• _What is being asked_
Exactly as they appear below, repeat the lines from the one with "Urthn Silver Plated" through the one with "Funko Pop Marvel", and no others.
======== Recorded data
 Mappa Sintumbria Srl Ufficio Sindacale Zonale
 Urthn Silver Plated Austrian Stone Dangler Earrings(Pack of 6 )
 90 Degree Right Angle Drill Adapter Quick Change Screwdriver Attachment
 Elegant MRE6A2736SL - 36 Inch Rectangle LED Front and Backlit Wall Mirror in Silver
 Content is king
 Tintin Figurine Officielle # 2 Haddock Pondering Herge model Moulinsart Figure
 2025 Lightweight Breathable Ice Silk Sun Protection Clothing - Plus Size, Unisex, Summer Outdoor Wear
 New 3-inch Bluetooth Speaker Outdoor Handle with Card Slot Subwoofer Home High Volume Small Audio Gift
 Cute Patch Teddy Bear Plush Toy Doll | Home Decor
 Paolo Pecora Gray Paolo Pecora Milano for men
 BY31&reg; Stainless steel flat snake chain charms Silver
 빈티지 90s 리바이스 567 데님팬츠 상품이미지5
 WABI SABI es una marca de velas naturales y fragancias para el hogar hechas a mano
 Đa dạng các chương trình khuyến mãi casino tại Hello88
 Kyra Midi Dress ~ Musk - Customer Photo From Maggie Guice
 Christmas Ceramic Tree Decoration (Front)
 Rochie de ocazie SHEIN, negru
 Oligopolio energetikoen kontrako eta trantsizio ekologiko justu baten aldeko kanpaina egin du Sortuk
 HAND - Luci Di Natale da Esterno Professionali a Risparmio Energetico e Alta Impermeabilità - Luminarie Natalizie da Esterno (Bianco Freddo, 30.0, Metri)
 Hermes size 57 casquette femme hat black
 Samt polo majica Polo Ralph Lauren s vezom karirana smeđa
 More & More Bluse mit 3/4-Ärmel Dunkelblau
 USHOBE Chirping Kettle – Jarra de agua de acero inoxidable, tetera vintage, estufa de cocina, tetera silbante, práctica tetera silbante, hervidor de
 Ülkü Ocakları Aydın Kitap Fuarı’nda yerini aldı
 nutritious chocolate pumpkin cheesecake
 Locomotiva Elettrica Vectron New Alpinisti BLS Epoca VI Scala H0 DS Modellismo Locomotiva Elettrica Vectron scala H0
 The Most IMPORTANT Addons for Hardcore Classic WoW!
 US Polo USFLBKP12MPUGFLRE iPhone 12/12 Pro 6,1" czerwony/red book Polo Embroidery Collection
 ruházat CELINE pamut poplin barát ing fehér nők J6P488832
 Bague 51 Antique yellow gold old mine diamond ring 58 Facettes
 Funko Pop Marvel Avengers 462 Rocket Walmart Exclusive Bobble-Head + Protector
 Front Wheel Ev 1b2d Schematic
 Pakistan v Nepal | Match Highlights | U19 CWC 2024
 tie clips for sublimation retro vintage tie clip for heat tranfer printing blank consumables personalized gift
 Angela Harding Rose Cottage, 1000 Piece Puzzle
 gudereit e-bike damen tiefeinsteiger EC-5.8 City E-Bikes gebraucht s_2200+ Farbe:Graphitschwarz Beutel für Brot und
================
• _Solution to the problem_
 Urthn Silver Plated Austrian Stone Dangler Earrings(Pack of 6 )
 90 Degree Right Angle Drill Adapter Quick Change Screwdriver Attachment
 Elegant MRE6A2736SL - 36 Inch Rectangle LED Front and Backlit Wall Mirror in Silver
 Content is king
 Tintin Figurine Officielle # 2 Haddock Pondering Herge model Moulinsart Figure
 2025 Lightweight Breathable Ice Silk Sun Protection Clothing - Plus Size, Unisex, Summer Outdoor Wear
 New 3-inch Bluetooth Speaker Outdoor Handle with Card Slot Subwoofer Home High Volume Small Audio Gift
 Cute Patch Teddy Bear Plush Toy Doll | Home Decor
 Paolo Pecora Gray Paolo Pecora Milano for men
 BY31&reg; Stainless steel flat snake chain charms Silver
 빈티지 90s 리바이스 567 데님팬츠 상품이미지5
 WABI SABI es una marca de velas naturales y fragancias para el hogar hechas a mano
 Đa dạng các chương trình khuyến mãi casino tại Hello88
 Kyra Midi Dress ~ Musk - Customer Photo From Maggie Guice
 Christmas Ceramic Tree Decoration (Front)
 Rochie de ocazie SHEIN, negru
 Oligopolio energetikoen kontrako eta trantsizio ekologiko justu baten aldeko kanpaina egin du Sortuk
 HAND - Luci Di Natale da Esterno Professionali a Risparmio Energetico e Alta Impermeabilità - Luminarie Natalizie da Esterno (Bianco Freddo, 30.0, Metri)
 Hermes size 57 casquette femme hat black
 Samt polo majica Polo Ralph Lauren s vezom karirana smeđa
 More & More Bluse mit 3/4-Ärmel Dunkelblau
 USHOBE Chirping Kettle – Jarra de agua de acero inoxidable, tetera vintage, estufa de cocina, tetera silbante, práctica tetera silbante, hervidor de
 Ülkü Ocakları Aydın Kitap Fuarı’nda yerini aldı
 nutritious chocolate pumpkin cheesecake
 Locomotiva Elettrica Vectron New Alpinisti BLS Epoca VI Scala H0 DS Modellismo Locomotiva Elettrica Vectron scala H0
 The Most IMPORTANT Addons for Hardcore Classic WoW!
 US Polo USFLBKP12MPUGFLRE iPhone 12/12 Pro 6,1" czerwony/red book Polo Embroidery Collection
 ruházat CELINE pamut poplin barát ing fehér nők J6P488832
 Bague 51 Antique yellow gold old mine diamond ring 58 Facettes
 Funko Pop Marvel Avengers 462 Rocket Walmart Exclusive Bobble-Head + Protector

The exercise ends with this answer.